In the Guardian we also see Mary Creagh who was quoted from BBC Radio 4 “Modern politicians with social media, Facebook and emails face pressures even 15 or 20 years ago they did not face … We are expected to be some how superhuman”, is that true, or is there an increasingly skewed action by the press to overexpose whatever is not perfectly spotless and in that manner undo whatever good a politician is trying to do.

In the Daily Mail (I apologise for using a lowly regarded source of information) we see two quotes “Chuka Umunna is the articulate politician who had hoped to make the Labour Party electable again after the humiliations suffered under Gordon Brown and Ed Miliband. But many party workers were worried that this 36-year-old, 6ft-tall, well-dressed former lawyer may be just a little too smooth. The grandson of a British prosecutor at the Nuremberg war trials, Chuka was educated at a private boys’ school, and was a chorister at Southwark Cathedral. His voice can be heard singing the theme tune to the Rowan Atkinson comedy Mr Bean.

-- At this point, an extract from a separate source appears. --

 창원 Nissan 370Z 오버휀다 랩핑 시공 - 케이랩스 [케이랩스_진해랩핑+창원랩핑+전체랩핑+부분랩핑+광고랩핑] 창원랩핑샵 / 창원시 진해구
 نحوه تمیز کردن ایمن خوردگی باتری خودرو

Mr Umunna thinks nothing of spending £1,200 on bespoke suits from Alexandra Wood, an exclusive Saville Row tailor“.

So why would this be an issue? The terms ‘well-dressed‘ and ‘too smooth‘? The fact that he is the grandson of a former War Crimes prosecutor! That counts! Then there is the Saville Row reference, so this is not about skill, this is about the image that he inherited, the choices he made. Yet this person also decided to give his time to Labour, to champion the workers. He did not become a conservative as rich people seem to be seen as. In addition we get the quote “He was forced to apologise two years ago after it was revealed that he had once commented on a website that London’s nightclubs were ‘full of trash and C-list wannabes’“, so now people must apologise for speaking the truth? Have you seen the trash that comes out of some of these clubs? Smashed, drunk as a skunk and regularly we see how some of these places will have people leaving on all kinds of chemical trips. This is a consequence of binge drinking and slipping 1-2 pills with the white wine. This whilst many of them ladies complain on how they were entitled to VIP treatments in clubs so much better than the one they just crawled out of on all four. So perhaps Chuka Umunna is more than just a little right. Perhaps the press was worried on not having a hold on a person like this and they prefer a person slightly more ‘colourful’ (pardon the pun).

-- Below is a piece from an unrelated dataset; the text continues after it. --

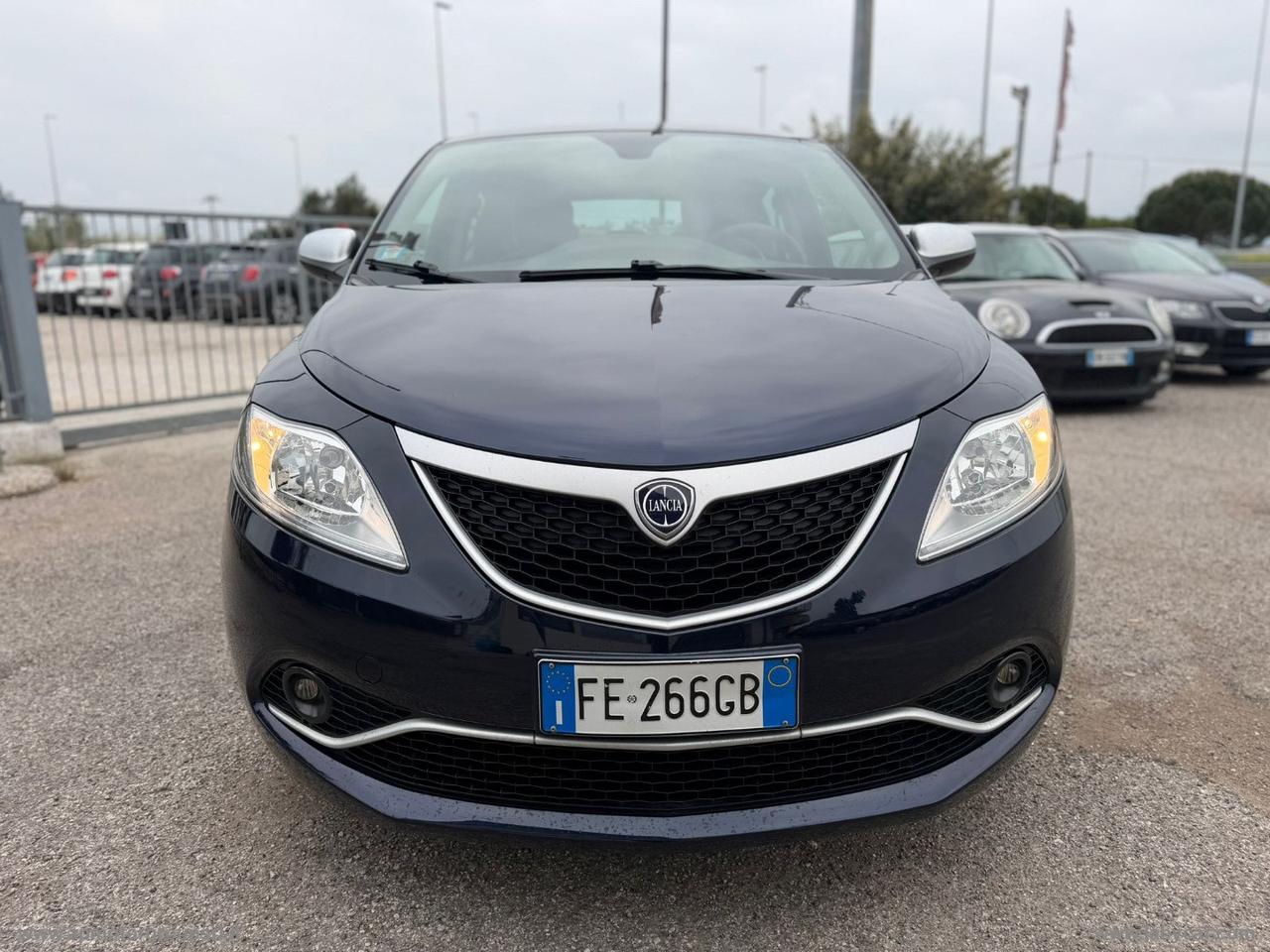 LANCIA Ypsilon 1.2 69 CV 5p. Mya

So where will Labour stand? Time will tell. Bren Bradshaw was right in one regard. The Labour party has loads of talent, no one denies that, but they’ve already forgotten that Ed Miliband was plenty talented and to some extent even visionary (in the wrong time as I saw it). So as the second talented member gets pushed off stage, are we seeing the effects of internal power plays and if so, should the press not be held to account for being the tool in all this?

I will let you, the reader mull over those facts and you should come to your own conclusions.